Most migrants traveling to the United States are from poor and violent countries in Central America.
The Mexican government on Monday pledged to end the “horror” migrants face crossing the country en route to the U.S. border, and pressed Washington for more details of its plan to send asylum-seekers to Mexico while their requests are processed.
Mexico’s government had said it would on Monday set out its position on the Trump administration’s radical policy change, announced last week, that migrants seeking refuge in the United States would be sent to Mexico while their cases are pending.
But for the second time running, Mexican foreign minister Marcelo Ebrard told a regular news conference that he would seek “more information” from U.S. authorities about the plan both sides unveiled on Thursday.
Most migrants traveling to the United States are from poor and violent countries in Central America. Caravans of them from the region have in recent months fanned tensions between Mexico and U.S. President Donald Trump over border security.
Ebrard reiterated his government would not sign any accord that made Mexico a “safe third country” — an agreement Mexico says U.S. officials have requested which would oblige migrants who arrive first in Mexico to file asylum requests there.
Instead, the minister said, Mexico would “drastically” change its migration policy to ensure that its response to the mass movement of people was humanitarian.
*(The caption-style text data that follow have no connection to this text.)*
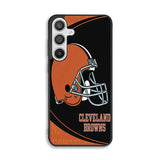 Cleveland Browns Samsung Galaxy A26 5G Case BC1721
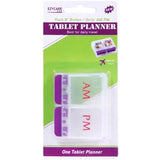 Ezycare Monthly Tablet Planner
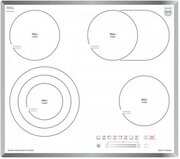 Электрическая варочная панель Kaiser KCT 6715 F W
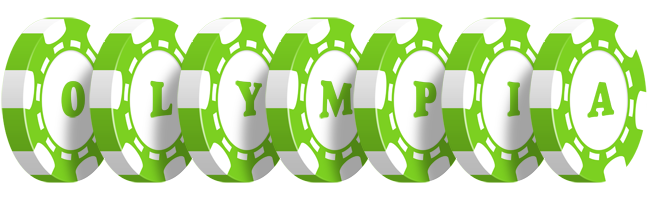 Olympia holdem logo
“Today there’s only one way of describing the experience of the migrants that travel through our country: It is a horror. Humiliations, abuses, violations, and outrages,” Ebrard said alongside President Andres Manuel Lopez Obrador.
Deflecting attention from Trump’s often pointed criticism, Mexico has tried to take the higher ground in the debate by promising to help migrants get jobs and visas.
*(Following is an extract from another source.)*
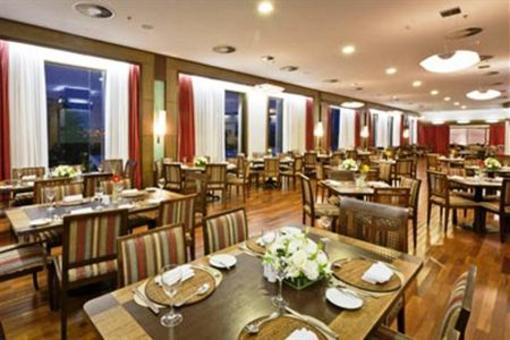 фото отеля Bourbon Business Hotel Joinville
Interior Minister Olga Sanchez told the news conference that migrants would in future enter Mexico in an “orderly” and “safe” way, vowing a shift away from what she called a policy of “repression and militarization” at its southern border.
But many questions remain about how Mexico will cope with an influx of potentially thousands of Central Americans into the country for cases that may take years to process.
Lopez Obrador has sought not to antagonize Trump by commenting on the U.S. president’s demands for a southern border wall, and on Monday he again declined to do so.
“There’s a special situation in the United States and I don’t wish to offer a point of view,” he told reporters. “I will keep my counsel. There will be time.”